◆ **Recorded information**:

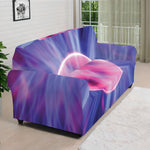 Purple Plasma Ball Print Sofa Cover
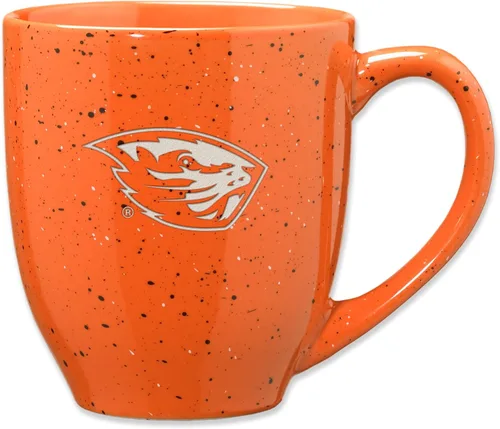 NCAA Oregon State Beavers - Taza de café de cerámica grabada con láser de 16 oz en color del equipo
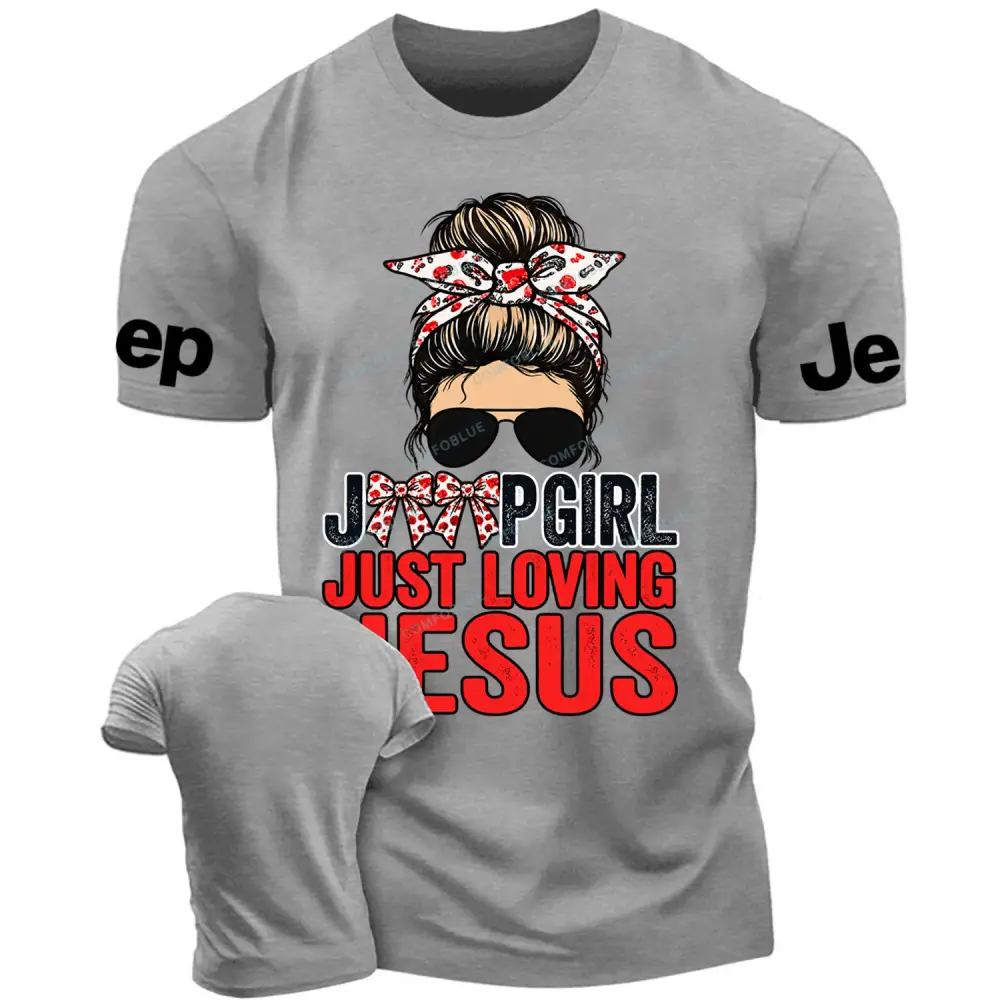 Jp Girls Love Jesus Cotton T-shirt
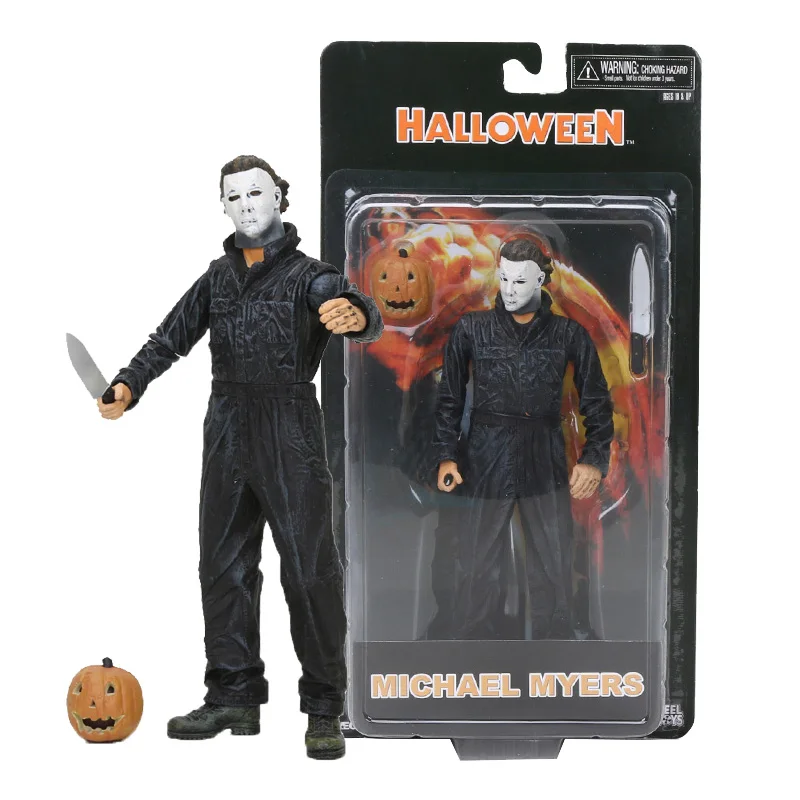 Фигурка NECA 20 см игрушки Neca тыква Майкл Майерс ПВХ экшн-фигурка на Хэллоуин аниме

◆ **Work to be completed**:
Starting with the line that contains "NCAA Oregon State", repeat each line exactly until the listing ends, including the last one. Leave pictures out.

◆ **Exercise solution**:
 NCAA Oregon State Beavers - Taza de café de cerámica grabada con láser de 16 oz en color del equipo
 Jp Girls Love Jesus Cotton T-shirt
 Фигурка NECA 20 см игрушки Neca тыква Майкл Майерс ПВХ экшн-фигурка на Хэллоуин аниме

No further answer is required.